The sensible approach to mistakes in wills is at odds with the harsh line on procedural errors.

The Supreme Court’s decision in Marley v Rawlings at the end of last month has stunned many private client solicitors.

As readers will know, the court unanimously upheld a testator’s intention even though the husband and wife had inadvertently signed one another’s wills by mistake.

It is not just the considerable extension of what is meant by a ‘clerical error’ that has surprised practitioners. What is seen as an even greater leap is the way in which Lord Neuberger – who has a commercial background himself – has introduced commercial concepts into the wills arena.

He said: ‘When interpreting a contract, the court is concerned to find the intention of the party or parties, and it does this by identifying the meaning of the relevant words, (a) in the light of (i) the natural and ordinary meaning of those words, (ii) the overall purpose of the document, (iii) any other provisions of the document, (iv) the facts known or assumed by the parties at the time that the document was executed, and (v) common sense, but (b) ignoring subjective evidence of any party’s intentions.’

He added: ‘When it comes to interpreting wills, it seems to me that the approach should be the same. Whether the document in question is a commercial contract or a will, the aim is to identify the intention of the party or parties to the document by interpreting the words used in their documentary, factual and commercial context.’

I know many private client solicitors find this development quite worrying, and a far cry from the clear cut – if sometimes harsh – approach they are used to. The fear is that this new judgment will lead to too much uncertainty.

What’s more, Neuberger seems to invite the use of witness evidence (albeit not ‘subjective’ evidence) as to what the testator had really intended in their will – a potential can of worms if ever there was one.

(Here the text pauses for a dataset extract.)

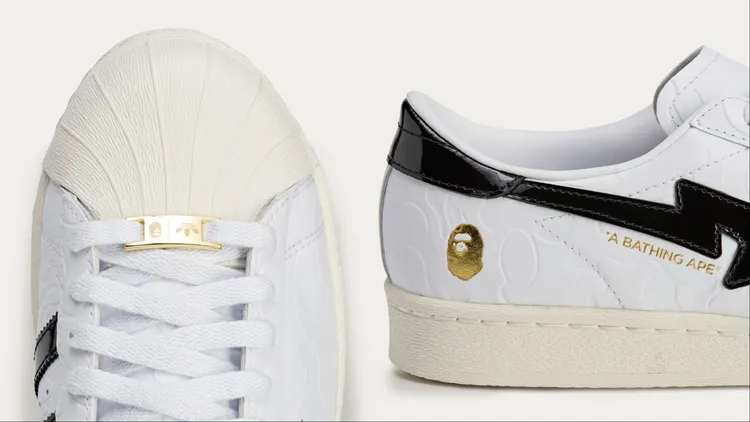 「SSTR V BAPE」延續經典貝殼頭，鞋側則以金箔Ape Head猿人頭像點綴。品牌提供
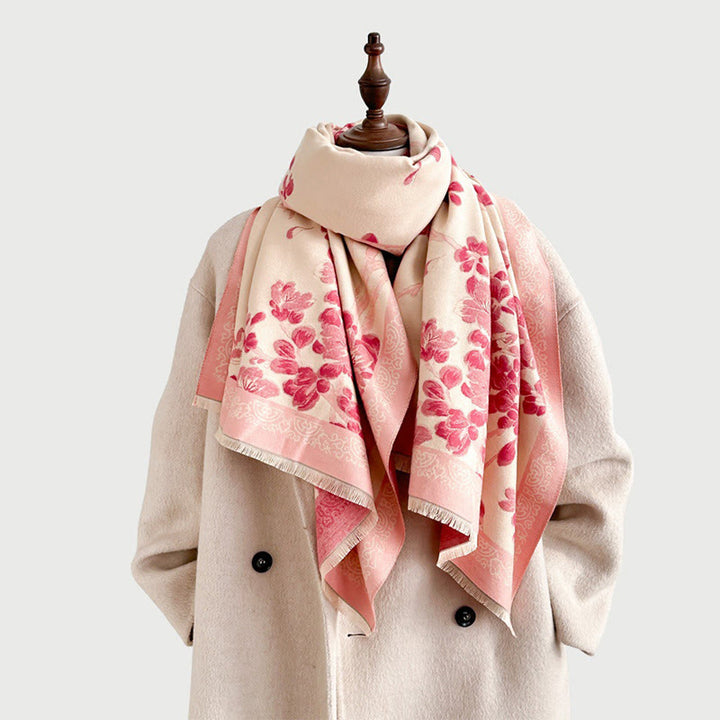 Buddha Stones Fall Peach Blossoms Branches Pattern Soft Scarf Shawl - image 8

He says: ‘In relation to a will, or a provision in a will… it is possible to assist its interpretation by reference to evidence of the testator’s actual intention (for example by reference to what he told the drafter of the will, or another person, or by what was in any notes he made or earlier drafts of the will which he may have approved or caused to be prepared).’

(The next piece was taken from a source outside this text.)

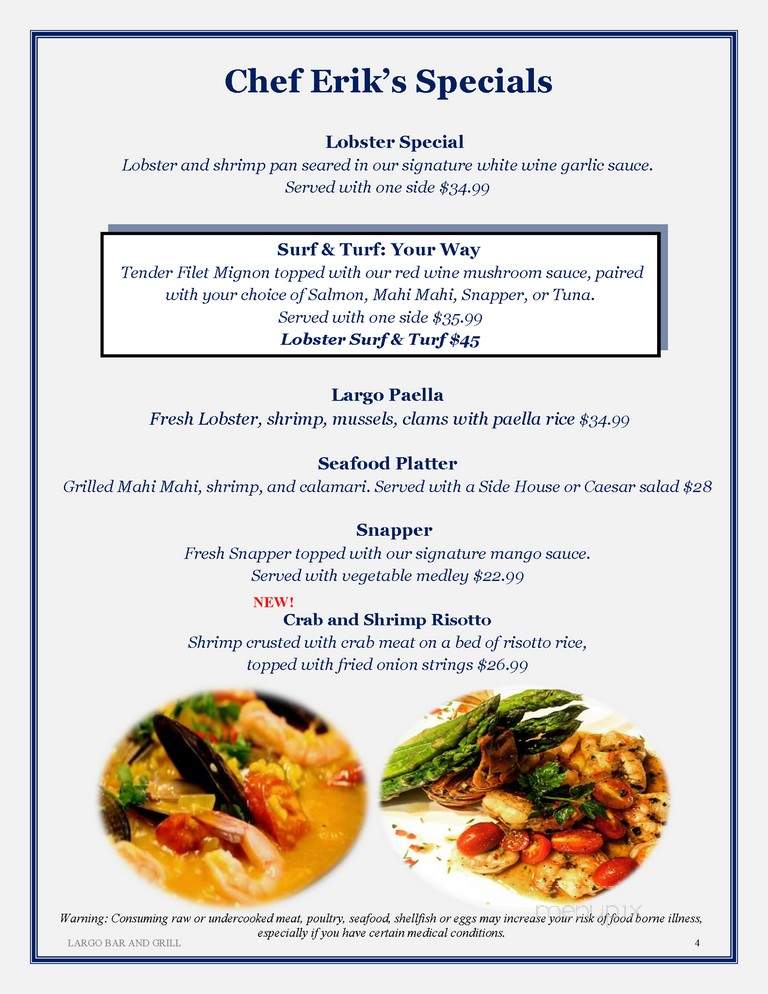 Largo Bar & Grill - Miami, FL menu_pic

No doubt lawyers are right when they say that the position in relation to errors in wills is now a lot less certain than it was before the ruling last month. But, let’s not forget, it is also a lot fairer. How appalling would it have been if the intention of the testator had been utterly denied because of what was very plainly a complete mistake?

Neuberger’s more ‘contractual’ approach quite literally injects some ‘common sense’ into the issue. If it places the actual wishes of the testator above compliance with technical details, all the better in my view.

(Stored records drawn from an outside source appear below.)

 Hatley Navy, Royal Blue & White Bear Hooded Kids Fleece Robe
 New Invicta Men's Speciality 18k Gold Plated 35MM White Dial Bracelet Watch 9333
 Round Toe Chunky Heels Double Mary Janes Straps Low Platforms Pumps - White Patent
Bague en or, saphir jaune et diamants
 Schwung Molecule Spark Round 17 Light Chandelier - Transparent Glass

Of course, the Supreme Court ruling, which seems to me to be a triumph of justice and fairness over the need to dot every ‘i’ and cross every ‘t’ (I know many lawyers will disagree with me on that), comes just a month after the Appeal Court’s infamous judgment in Mitchell. The subject matter of the two cases was completely different, but still, at the core of the Mitchell ruling was the same tension between fairness on the one hand, and technical compliance on the other.

In Marley, a mistake in a will signature went unpunished by the Supreme Court, but in Mitchell, an error in failing to file a costs budget on time was dealt with harshly by the Court of Appeal. The two courts seem to be travelling in different directions.

So while litigators must now become accustomed to the fact that their every mistake is likely to be keenly punished, those who draft wills for a living have, it seems, been cut a little slack.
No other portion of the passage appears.